It was in the spring of 1224 that Francis composed the final poem of his life, The Canticle of Brother Sun. This is a spontaneous outpouring of love and praise that reveals ingenuously the profound unconscious integration that the love of God had affected in his life:
Most high, all powerful, all good, Lord!
All praise is yours, all glory, all honour
And all blessing.
All praise be yours, my Lord, through all that you have made,
And first my Brother Sun,
Who brings the day, and light you give to us through him.
At every critical moment of his life Francis had broken forth in song like the troubadours he listened to and admired as a boy. And in a sense The Canticle of Brother Sun is more a song than a well-crafted poem.
Like the life of Francis himself, this canticle is not a self-conscious work of art. It looks wholly to the Other with the eyes of praise and adoration, and that Other is God revealed in all God’s creatures. It is a summary of a soul open to everything around it and everything deep within… It is the song of a soul who has lived the truth that only two things really matter: the love of God and the love of God’s creation…. God dwells “deep down things,” and you find God when God finds you loving the world he has created and redeemed…Reverence for and joy over everything and every person becomes the sign of the love of God.
However, this joy of Francis is not the popular notion of the great lover of birds who adorns bird baths all over the world. The circumstances in which Francis sang his great canticle should dispel forever the sentimental picture of Francis of Assisi as a happy “Romantic” skipping through the woods, talking to animals, with a cute little bird on his shoulder.
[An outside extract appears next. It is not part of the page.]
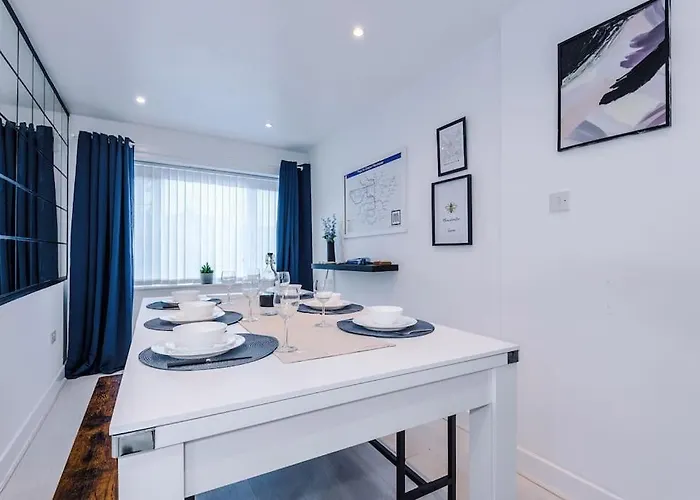 Appartement Sleeps 7, Games Room, Perfect For Groups, Driveway, Smart Tv, Available For Long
On the contrary, Francis was a man who took quite literally Christ’s words, If anyone would be my disciple, let him take up his cross daily and follow me (Mt 16:24).
The rule and life of the brothers is following in the footsteps of our Lord Jesus Christ. Where those footsteps led Francis himself is dramatically drawn in the scene of his composing The Canticle of the Sun.
He has just returned from LaVerna, where he has been imprinted with the wounds of Christ. He is suffering what is probably tuberculosis and from a painful trachoma that causes his eyes to bleed and makes LIGHT unbearable. He cannot endure the light of the sun or even a candle by night, so he lives for over fifty days and nights in a darkened hut beside his beloved church of San Damiano.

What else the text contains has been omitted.